I also soon found the install scripts Github uses to install and configure the extra software. For example, this is the script used for installing postgres. One useful piece of information I got from looking at the script is: it does not set up any default passwords and does not make any changes to pg_hba.conf
. Therefore I would need to take care of setting up authentication myself.
I dropped the services
section and added new steps for starting the preinstalled databases. I used the if
conditionals to only start the databases when needed:
name: Django CI
on:
push:
branches: [ master ]
pull_request:
branches: [ master ]
jobs:
test:
runs-on: ubuntu-20.04
strategy:
matrix:
db: [sqlite, postgres, mysql]
python-version: [3.6, 3.7, 3.8]
include:
- db: postgres
db_user: runner
db_password: ''
- db: mysql
db_user: root
db_password: root
steps:
- uses: actions/checkout@v2
- name: Set up Python ${{ matrix.python-version }}
uses: actions/setup-python@v2
with:
python-version: ${{ matrix.python-version }}
- name: Start MySQL
if: matrix.db == 'mysql'
run: sudo systemctl start mysql.service
- name: Start PostgreSQL
if: matrix.db == 'postgres'
run: |
sudo systemctl start postgresql.service
sudo -u postgres createuser -s runner
- name: Install Dependencies
run: |
python -m pip install --upgrade pip
pip install -r requirements.txt
pip install apprise braintree coverage coveralls mysqlclient
- name: Run Tests
env:
DB: ${{ matrix.db }}
DB_USER: ${{ matrix.db_user }}
DB_PASSWORD: ${{ matrix.db_password }}
run: |
coverage run --omit=*/tests/* --source=hc manage.py test
- name: Coveralls
if: matrix.db == 'postgres' && matrix.python-version == '3.8'
run: coveralls
env:
GITHUB_TOKEN: ${{ secrets.GITHUB_TOKEN }}
And the resulting timing:
There is more time to be gained by optimizing the “Install Dependencies” step. Github Actions has a cache action which caches specific filesystem paths between job runs. One could figure out the precise location where pip installs packages and cache it.

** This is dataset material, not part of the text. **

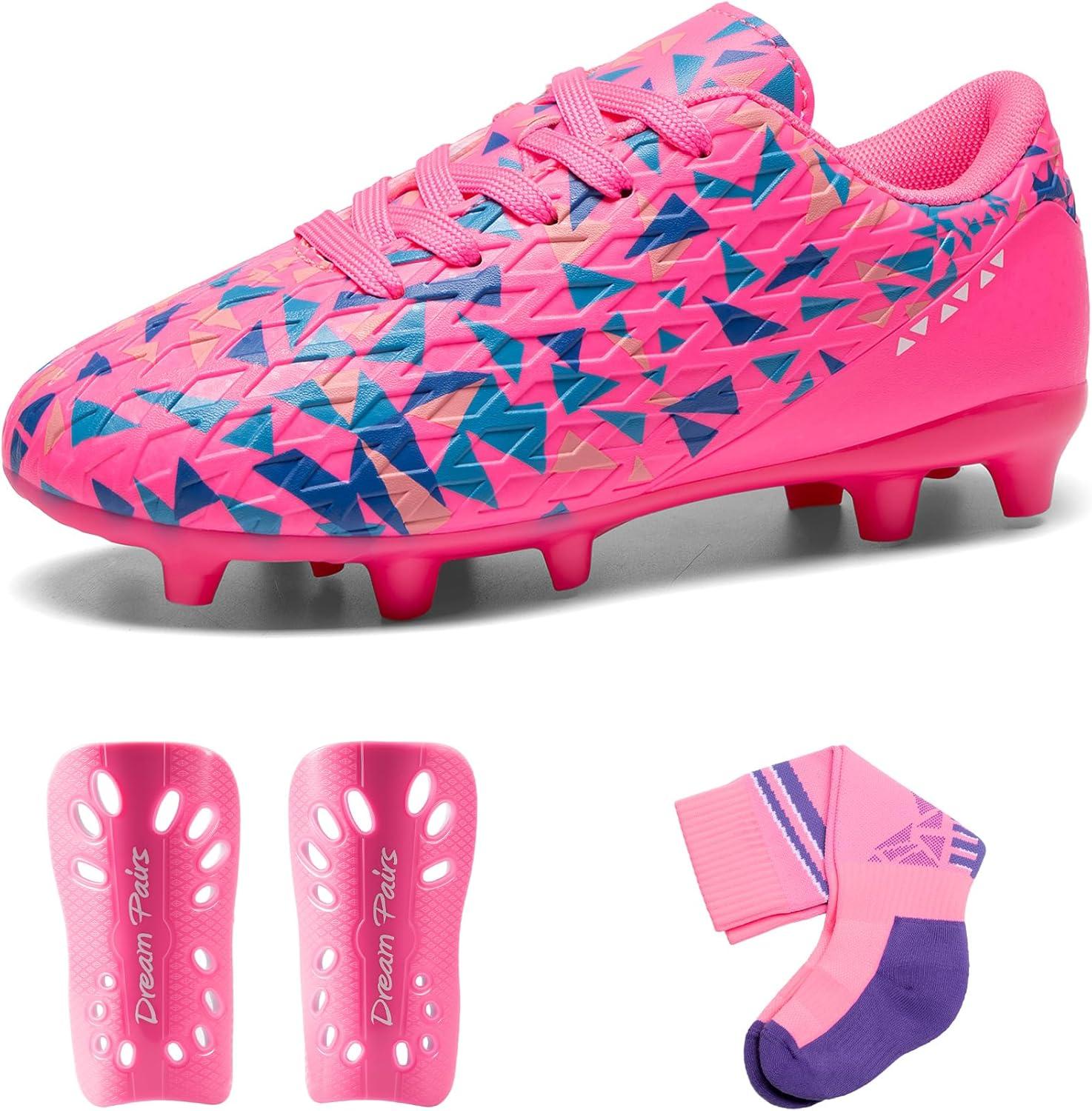 image:imageDREAM PAIRS Boys Girls Soccer Cleats Youth Firm Groud Athletic Outdoor Trainning Football Shoes with Soccer SocksHot PinkBlue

But this is where I decided it was “good enough” and merged the workflow configuration into the main Healthchecks repository.
In summary, first impressions: messing with Github Actions is good fun. The workflow syntax documentation is good to get a quick idea of what is possible. The workflow definition ends up being longer than the old Travis configuration, but I think the extra flexibility is worth it.